Number 68 – Build a Shared Record of Improvement

Audie Penn, March 2, 2026March 11, 2026

Build a file/database of improvement results that can be shared with others.

Practitioners: tactical, integrative, and strategic

Organizations often work very hard to solve the same problems over and over again.

A team in one plant improves a process. Another group, somewhere else in the organization, struggles with the same issue months later. The knowledge exists, but it is not visible. Improvement becomes local rather than shared.

One of the simplest ways to prevent this quiet waste is to build a shared record of improvement work—a place where teams capture what was tried, what was learned, and what ultimately changed.
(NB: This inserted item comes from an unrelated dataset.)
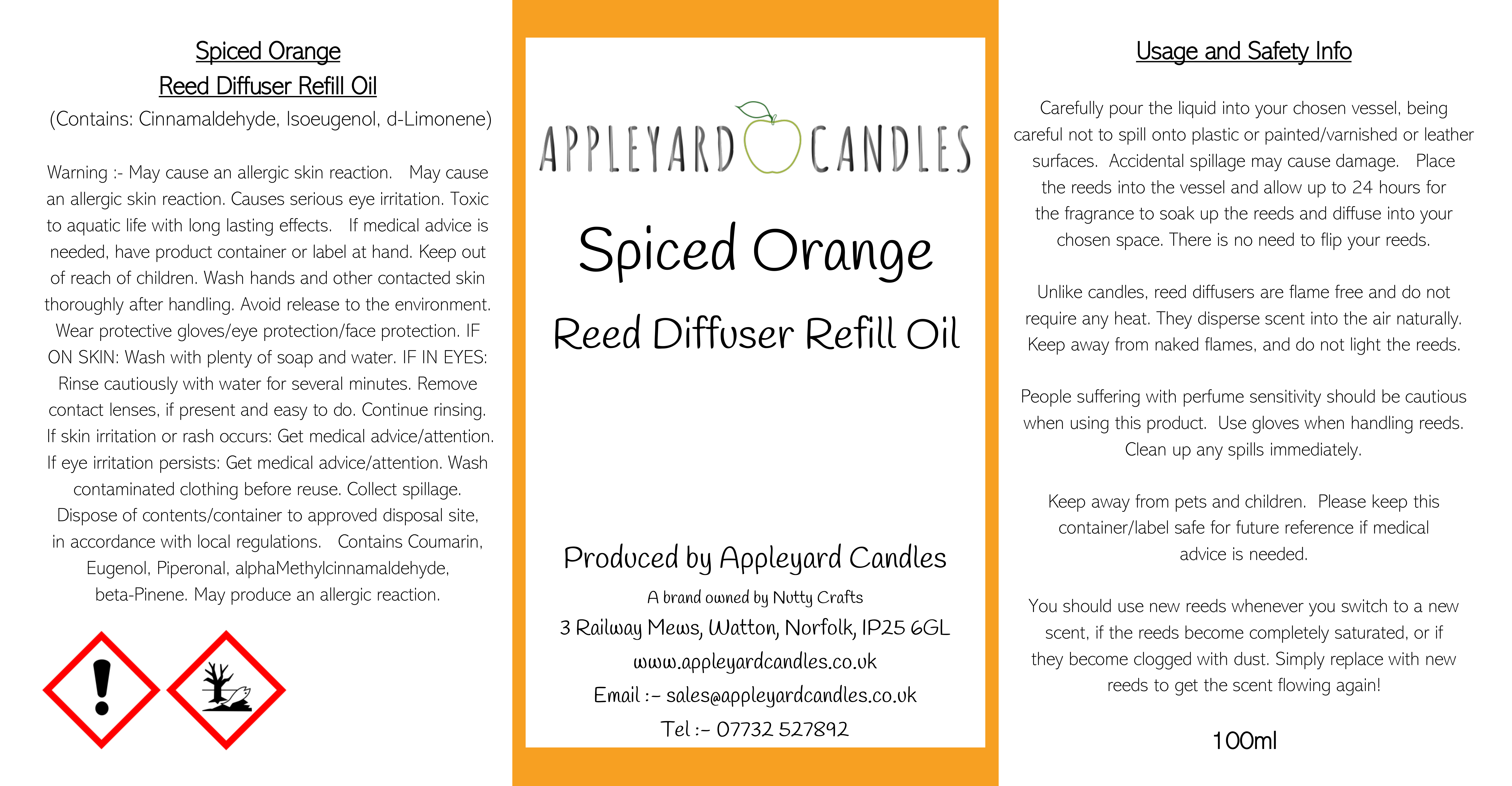 an image of a spiced orange reed diffuser refill clp label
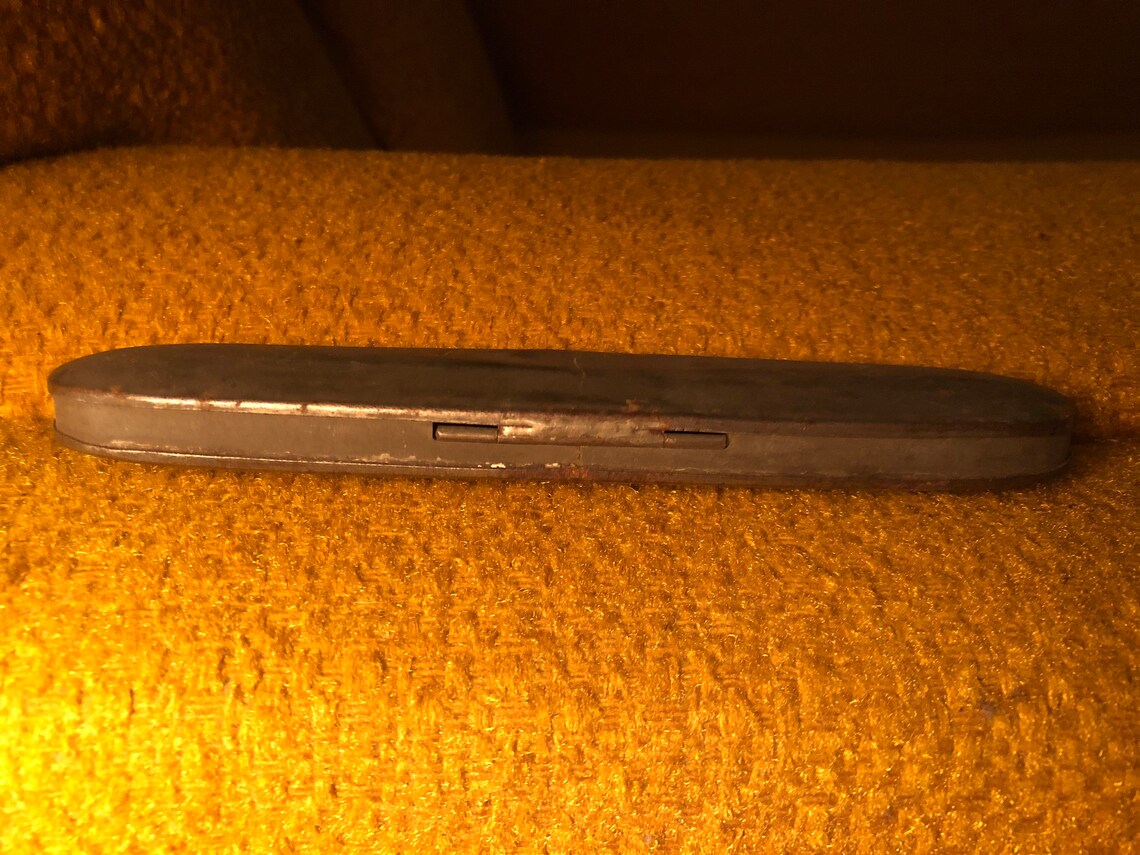 Vintage Antique metal oval eyeglasses spectacles case holder Etsy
This record should not become a rigid library of “best practices.” When improvement knowledge is treated as something to be copied exactly, it often fails. Every process carries its own constraints, its own equipment, its own culture, and its own history.

What works in one place rarely transfers perfectly to another.

Instead, the record serves a different purpose. It allows people to see how others approached a problem, what tools helped reveal the cause, and what results were achieved. It offers a starting point rather than a prescription.

In this way the organization develops a quiet discipline of learning. Teams encounter the work of others and consider how it might apply to their own situation. Sometimes they adopt the idea directly. Sometimes they adapt it to fit their environment. And sometimes they abandon it altogether and pursue a different path.

All three outcomes are valuable.

What matters is that the organization is no longer learning in isolation. Each improvement becomes part of a larger body of experience that others can draw from.

Over time this shared memory becomes one of the most powerful assets an organization can possess. It shortens the distance between problems and solutions, and it reminds everyone that progress rarely belongs to a single team.

Improvement, when shared in this way, becomes a collective practice rather than an individual victory.

Questions for Your Consideration

When improvements occur in your organization, how easily can others discover and learn from them?

Are best practices treated as instructions to replicate, or as experiences others can learn from?

What would happen if every improvement effort left behind a clear record of the problem, the method used, and the results achieved?

Where might your organization benefit most from adopting, adapting, or abandoning what another team has already learned?